[[ Provided entries open ]]

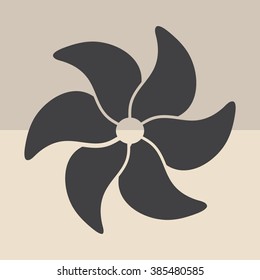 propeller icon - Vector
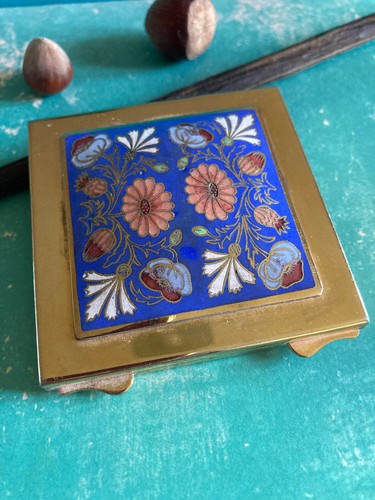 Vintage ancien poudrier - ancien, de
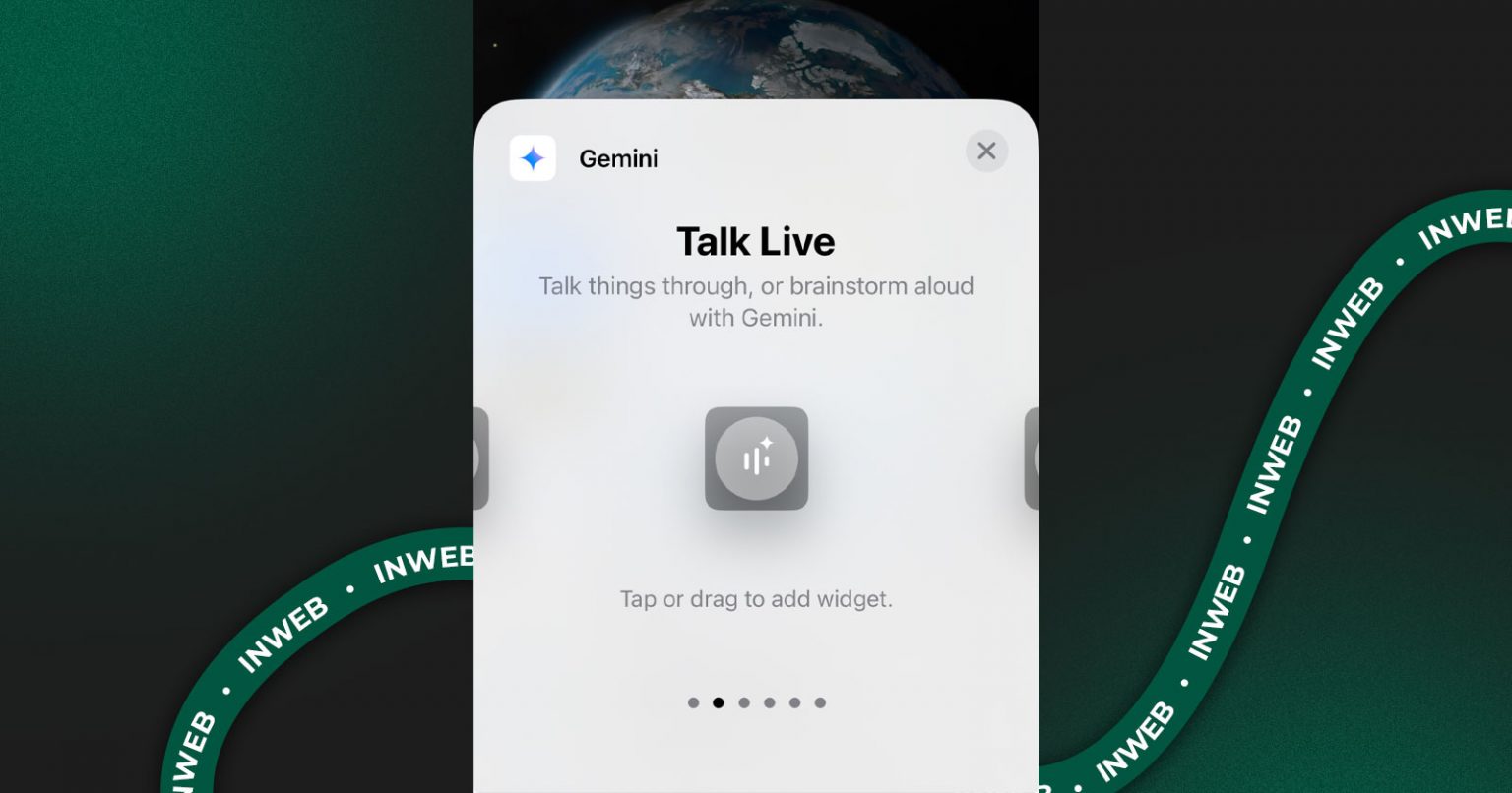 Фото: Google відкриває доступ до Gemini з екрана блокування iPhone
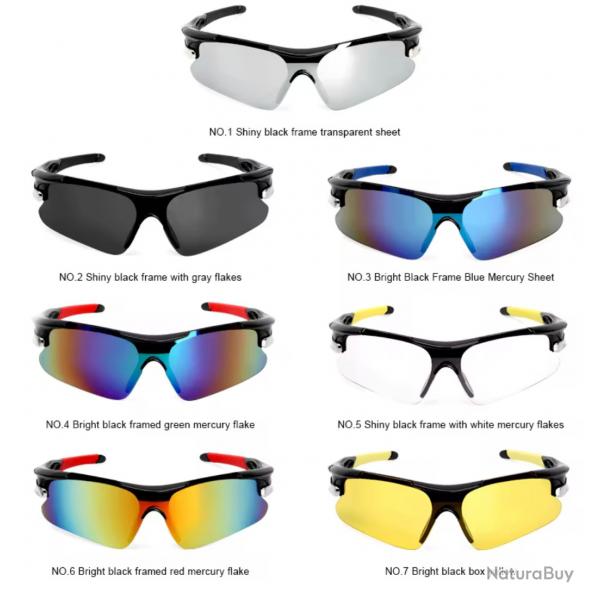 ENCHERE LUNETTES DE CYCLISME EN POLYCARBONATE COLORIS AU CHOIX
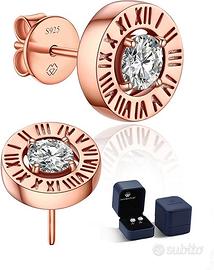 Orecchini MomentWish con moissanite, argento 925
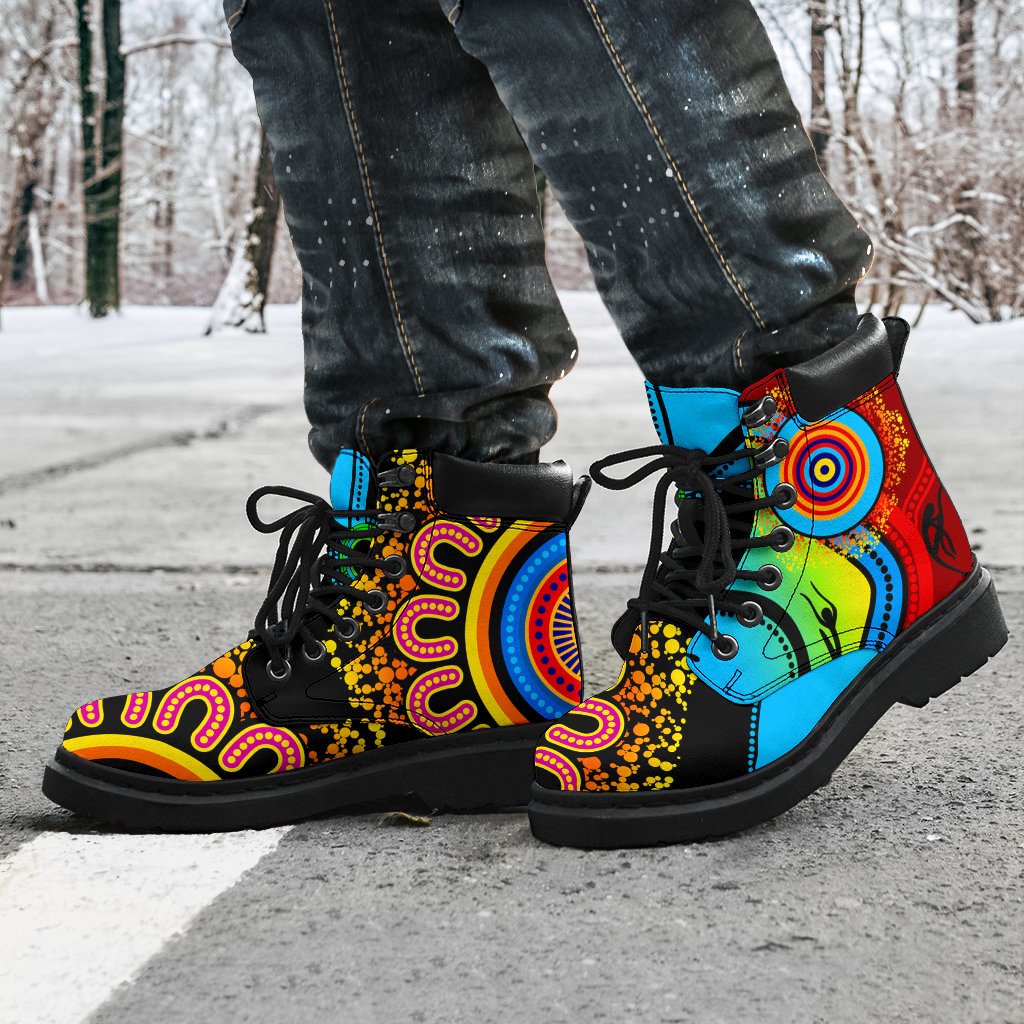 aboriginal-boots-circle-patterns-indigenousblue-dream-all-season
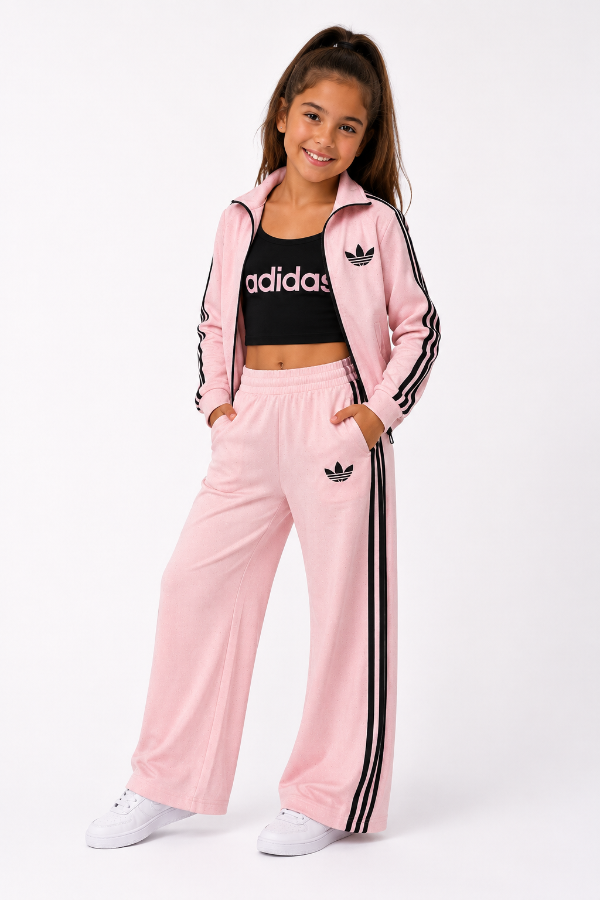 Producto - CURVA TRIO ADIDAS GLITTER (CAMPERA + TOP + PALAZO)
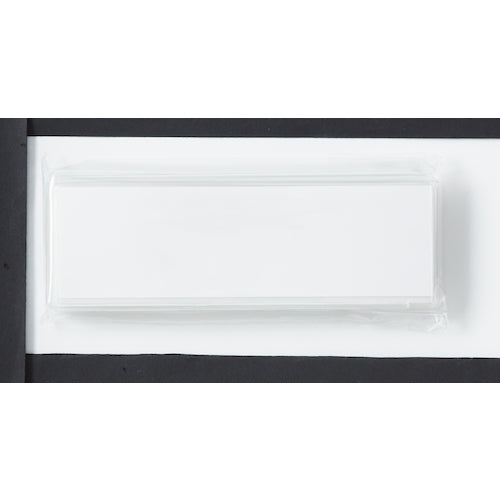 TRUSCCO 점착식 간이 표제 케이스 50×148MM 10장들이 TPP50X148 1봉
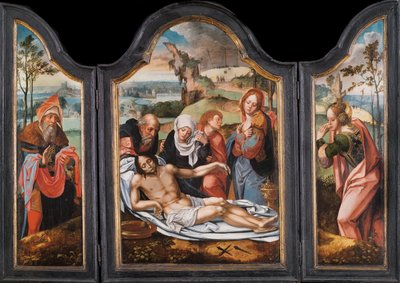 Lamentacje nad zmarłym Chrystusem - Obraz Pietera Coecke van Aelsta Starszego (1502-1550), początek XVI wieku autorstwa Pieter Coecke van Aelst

[[ Provided entries closed ]]

Omit the pictures, and please restate word for word the lines running from the line with "aboriginal-boots-circle-patterns-indigenousblue-dream-all-season" to the end of the entries.

- [Answer to the exercise]
 aboriginal-boots-circle-patterns-indigenousblue-dream-all-season
 Producto - CURVA TRIO ADIDAS GLITTER (CAMPERA + TOP + PALAZO)
 TRUSCCO 점착식 간이 표제 케이스 50×148MM 10장들이 TPP50X148 1봉
 Lamentacje nad zmarłym Chrystusem - Obraz Pietera Coecke van Aelsta Starszego (1502-1550), początek XVI wieku autorstwa Pieter Coecke van Aelst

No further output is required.